The autumn leaves are falling like rain. Although my neighbors are all barbarians and you, you are a thousand miles away, there are always two cups at my table.

T’ang Dynasty poem

Ten thousand flowers in spring, the moon in autumn, a cool breeze in summer, snow in winter. If your mind isn't clouded by unnecessary things, this is the best season of your life.

~ Wu-men ~


Monday, July 24, 2017

Theodore Roosevelt and Judo

President Theodore Roosevelt boxed as a young man and became interested in wrestling. When president, he began to take Judo/Jiu Jitsu lessons from Prof John O'Brien, and later from a graduate from the Kodokan, Yoshiaki Yamashita.

The Art of Manliness had a post about Roosevelt's interest in Judo, primarily focused on a book published by O'Brien in the early days of the 20th Century. Below is an excerpt. The full article may be read here.


Editor’s note: Theodore Roosevelt had a keen interest in martial and combative arts, beginning with boxing as a young man, and later as president — after a blow blinded him in the eye — focusing on wrestling and grappling. While in the White House, he first took jiu-jitsu lessons from Professor John J. O’Brien, who had learned the art while working as a police inspector in Nagasaki, Japan. According to a 1902 article in the New York World, Roosevelt “hope[d] soon to be able to break the arms, legs or neck of any Anarchist or thug who may assail him.”

Later, TR was taught jiu-jitsu and judo (while now distinct, he used the terms interchangeably) three times a week, for three years, by Japanese master Yoshiaki (Yoshitsugu) Yamashita. Roosevelt loved practicing jiu-jitsu (his ardor would help popularize it with Americans) as well as good old fashioned wrestling, and he would ask any and all companions and visitors — from diplomats to cabinet members to his wife and sister-in-law — to grapple with him. TR’s unflagging enthusiasm and burly frame eventually wore out even Yamashita, who told a journalist that while Teddy “was his best pupil…he was very heavy and impetuous, and it had cost the poor professor many bruisings, much worry and infinite pains during Theodore’s rushes to avoid laming the President of the United States.”

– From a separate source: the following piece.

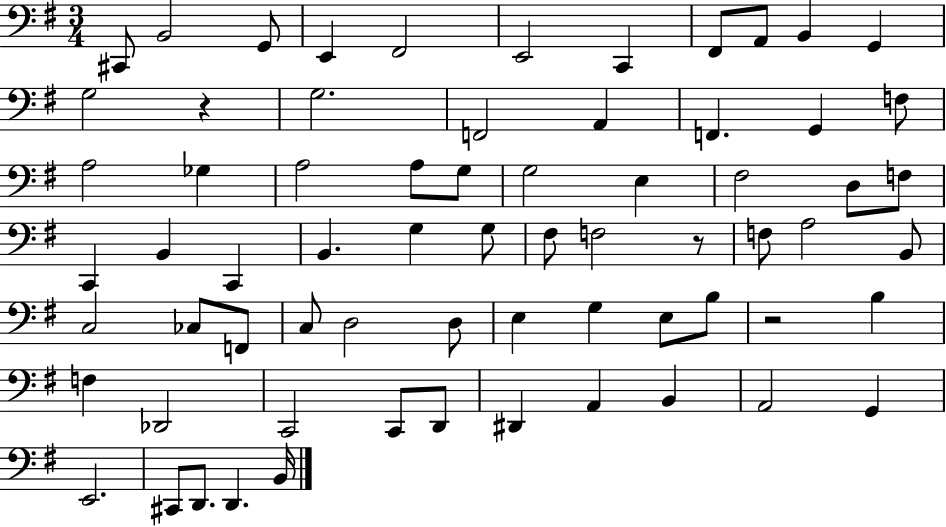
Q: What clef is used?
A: bass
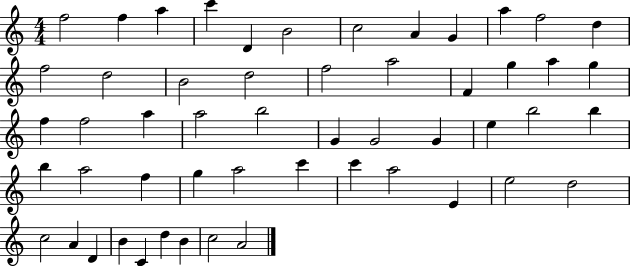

If you want to learn some of the vintage jiu-jitsu moves TR once practiced, below you’ll find the book (condensed) his original instructor, J. J. O’Brien, published in 1905. 

Bully!
“A noble soul dwells in a strong body.” —Japanese Proverb
We know that you will find interest in reading and demonstrating to your own satisfaction the effectiveness of Jiu-Jitsu, in its mildest form, as a means of self-defense.

This is the first time that all the secrets of the Japanese national system of training and self-defense have been given to Western people. Less than a generation ago you could not have obtained this knowledge at any price. So religiously have the principles of Jiu-Jitsu been guarded that no foreigner has ever before received official instruction from one who has taken the highest degree in the art.

Jiu-Jitsu is the most wonderful physical training the world has ever known. It is a science. It is muscle dominated and directed in every detail by brain. The Japanese are the hardiest race of people in the world to-day, and we attribute their wonderful strength and power of endurance solely to the persistent practice of their national system of physical development. Jiu-Jitsu develops every muscle and strengthens every organ in the human body. It does not produce knotted muscles, but develops the body harmoniously and uniformly. It affects those minute muscles which are not reached by any other system. It strengthens the heart action, scientifically renews and invigorates every tissue, and helps every organ to perform its functions. The man or woman who devotes ten minutes daily to the practice of Jiu-Jitsu will enjoy a degree of health and strength that will make him or her thoroughly alive and fully conscious of the possession of perfect manhood or womanhood.